◆ **AIM OF THE EXERCISE**: Each line of the material below is to be written out exactly. Leave out any picture.

◆ **DATA EXTRACT**:
^^^^^^^^

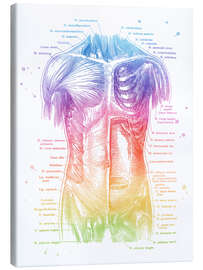 Canvas print Torso Anatomy - Mod Pop Deco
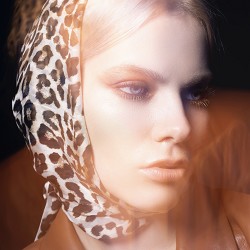 Diva Princess (SS) 1%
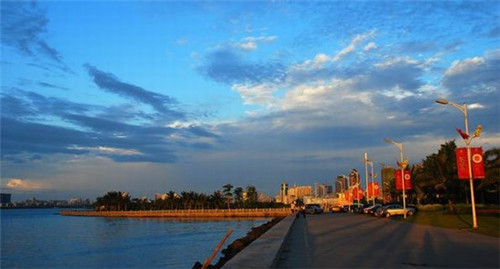 花谢人长瘤是什么歌（花谢花落是哪首歌曲）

^^^^^^^^

◆ **SOLVED PROBLEM**:
 Canvas print Torso Anatomy - Mod Pop Deco
 Diva Princess (SS) 1%
 花谢人长瘤是什么歌（花谢花落是哪首歌曲）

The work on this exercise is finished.